** The problem **
Below are lines of data. Give the number of them that contain the string "Flower", and nothing else.

** The input **
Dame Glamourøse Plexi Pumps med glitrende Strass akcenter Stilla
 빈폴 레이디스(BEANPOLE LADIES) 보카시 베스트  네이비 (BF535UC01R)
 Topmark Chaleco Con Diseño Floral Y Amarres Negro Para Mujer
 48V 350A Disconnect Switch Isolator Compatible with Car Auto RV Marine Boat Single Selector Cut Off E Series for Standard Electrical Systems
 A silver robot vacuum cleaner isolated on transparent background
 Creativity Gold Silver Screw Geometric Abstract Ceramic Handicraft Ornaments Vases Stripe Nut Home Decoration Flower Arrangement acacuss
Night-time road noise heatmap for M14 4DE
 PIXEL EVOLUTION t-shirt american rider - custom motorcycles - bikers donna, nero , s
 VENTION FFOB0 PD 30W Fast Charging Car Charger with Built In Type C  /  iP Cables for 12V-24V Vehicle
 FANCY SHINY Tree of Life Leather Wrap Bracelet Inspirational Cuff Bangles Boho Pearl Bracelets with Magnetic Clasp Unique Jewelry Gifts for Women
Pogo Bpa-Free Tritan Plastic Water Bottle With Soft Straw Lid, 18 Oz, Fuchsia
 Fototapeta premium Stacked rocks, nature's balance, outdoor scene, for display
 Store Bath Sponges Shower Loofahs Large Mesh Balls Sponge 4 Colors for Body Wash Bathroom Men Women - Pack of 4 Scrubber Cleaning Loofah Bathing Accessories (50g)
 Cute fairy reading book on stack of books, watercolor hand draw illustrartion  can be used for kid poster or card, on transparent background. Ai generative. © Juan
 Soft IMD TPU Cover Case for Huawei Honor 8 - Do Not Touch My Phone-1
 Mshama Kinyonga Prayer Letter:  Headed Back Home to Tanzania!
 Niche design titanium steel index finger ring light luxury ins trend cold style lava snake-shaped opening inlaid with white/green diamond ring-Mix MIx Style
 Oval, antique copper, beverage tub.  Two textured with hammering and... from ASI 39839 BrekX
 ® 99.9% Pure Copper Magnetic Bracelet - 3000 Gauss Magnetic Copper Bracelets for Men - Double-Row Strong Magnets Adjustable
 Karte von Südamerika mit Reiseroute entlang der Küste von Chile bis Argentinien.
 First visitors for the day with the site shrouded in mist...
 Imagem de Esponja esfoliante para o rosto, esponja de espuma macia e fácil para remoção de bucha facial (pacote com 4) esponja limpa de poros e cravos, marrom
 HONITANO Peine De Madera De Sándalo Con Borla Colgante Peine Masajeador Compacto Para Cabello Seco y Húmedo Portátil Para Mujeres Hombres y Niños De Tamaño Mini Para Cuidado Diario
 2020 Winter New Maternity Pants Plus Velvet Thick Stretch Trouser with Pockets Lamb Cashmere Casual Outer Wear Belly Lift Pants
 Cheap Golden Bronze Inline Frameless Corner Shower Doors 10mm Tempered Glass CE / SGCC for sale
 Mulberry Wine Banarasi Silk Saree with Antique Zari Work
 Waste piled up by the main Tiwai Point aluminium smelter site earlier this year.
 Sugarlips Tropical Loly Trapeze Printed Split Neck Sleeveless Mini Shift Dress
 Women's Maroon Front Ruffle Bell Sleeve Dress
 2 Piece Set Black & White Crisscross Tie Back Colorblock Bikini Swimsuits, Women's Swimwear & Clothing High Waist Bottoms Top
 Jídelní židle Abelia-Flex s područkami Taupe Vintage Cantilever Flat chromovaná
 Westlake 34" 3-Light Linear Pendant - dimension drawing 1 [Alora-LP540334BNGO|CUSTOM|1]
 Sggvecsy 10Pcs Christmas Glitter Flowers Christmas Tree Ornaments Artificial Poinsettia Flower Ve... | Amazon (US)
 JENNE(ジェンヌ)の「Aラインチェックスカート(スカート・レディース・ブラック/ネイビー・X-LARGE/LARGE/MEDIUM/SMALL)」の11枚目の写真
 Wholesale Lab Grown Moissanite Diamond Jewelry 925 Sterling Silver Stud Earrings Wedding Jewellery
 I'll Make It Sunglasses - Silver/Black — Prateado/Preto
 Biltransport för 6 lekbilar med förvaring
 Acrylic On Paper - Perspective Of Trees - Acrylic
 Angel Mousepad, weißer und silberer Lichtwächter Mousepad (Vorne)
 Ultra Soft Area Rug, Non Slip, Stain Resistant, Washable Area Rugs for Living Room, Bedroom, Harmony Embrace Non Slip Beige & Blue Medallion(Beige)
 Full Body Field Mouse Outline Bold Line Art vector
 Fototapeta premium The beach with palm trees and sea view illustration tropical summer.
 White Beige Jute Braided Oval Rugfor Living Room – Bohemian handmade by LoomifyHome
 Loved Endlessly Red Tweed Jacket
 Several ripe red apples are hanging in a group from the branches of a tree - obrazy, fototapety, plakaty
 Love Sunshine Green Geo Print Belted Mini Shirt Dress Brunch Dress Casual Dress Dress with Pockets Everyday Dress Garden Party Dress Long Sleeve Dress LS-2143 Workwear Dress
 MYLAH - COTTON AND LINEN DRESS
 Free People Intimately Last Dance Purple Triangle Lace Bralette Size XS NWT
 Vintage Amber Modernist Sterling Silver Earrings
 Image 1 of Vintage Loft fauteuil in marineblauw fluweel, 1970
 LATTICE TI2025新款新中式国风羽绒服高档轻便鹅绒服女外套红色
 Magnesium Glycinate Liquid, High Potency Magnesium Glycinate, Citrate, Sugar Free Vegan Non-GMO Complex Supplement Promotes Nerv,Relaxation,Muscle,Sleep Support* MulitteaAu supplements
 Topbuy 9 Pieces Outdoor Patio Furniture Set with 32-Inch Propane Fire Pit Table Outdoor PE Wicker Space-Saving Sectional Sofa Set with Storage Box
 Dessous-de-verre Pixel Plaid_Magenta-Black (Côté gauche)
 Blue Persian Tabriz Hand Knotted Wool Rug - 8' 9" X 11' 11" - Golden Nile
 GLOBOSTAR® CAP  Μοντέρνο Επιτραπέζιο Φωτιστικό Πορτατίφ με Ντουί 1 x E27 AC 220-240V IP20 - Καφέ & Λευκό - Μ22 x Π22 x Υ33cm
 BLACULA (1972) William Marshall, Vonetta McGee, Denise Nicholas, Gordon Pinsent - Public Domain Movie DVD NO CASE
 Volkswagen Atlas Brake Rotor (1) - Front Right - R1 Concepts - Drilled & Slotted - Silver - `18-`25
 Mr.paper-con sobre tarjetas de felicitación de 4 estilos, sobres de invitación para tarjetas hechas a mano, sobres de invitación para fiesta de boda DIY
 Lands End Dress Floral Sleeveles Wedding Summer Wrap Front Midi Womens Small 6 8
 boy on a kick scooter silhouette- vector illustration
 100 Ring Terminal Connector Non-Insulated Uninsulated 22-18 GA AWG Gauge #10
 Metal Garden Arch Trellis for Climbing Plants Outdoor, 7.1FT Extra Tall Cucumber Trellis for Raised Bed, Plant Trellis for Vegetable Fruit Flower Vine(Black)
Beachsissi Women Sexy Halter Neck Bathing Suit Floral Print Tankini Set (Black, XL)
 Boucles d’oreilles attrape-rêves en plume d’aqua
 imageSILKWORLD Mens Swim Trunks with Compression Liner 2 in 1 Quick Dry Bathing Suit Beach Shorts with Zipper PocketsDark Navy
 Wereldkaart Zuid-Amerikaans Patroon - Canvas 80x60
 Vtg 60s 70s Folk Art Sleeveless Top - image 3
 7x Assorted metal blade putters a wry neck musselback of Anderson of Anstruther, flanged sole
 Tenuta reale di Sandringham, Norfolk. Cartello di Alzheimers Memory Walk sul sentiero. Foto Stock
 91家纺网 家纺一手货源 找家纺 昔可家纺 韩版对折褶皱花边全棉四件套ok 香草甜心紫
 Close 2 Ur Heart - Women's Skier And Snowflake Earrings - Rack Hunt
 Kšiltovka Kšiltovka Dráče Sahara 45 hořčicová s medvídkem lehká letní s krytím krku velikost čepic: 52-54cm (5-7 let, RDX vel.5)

** Worked solution **
3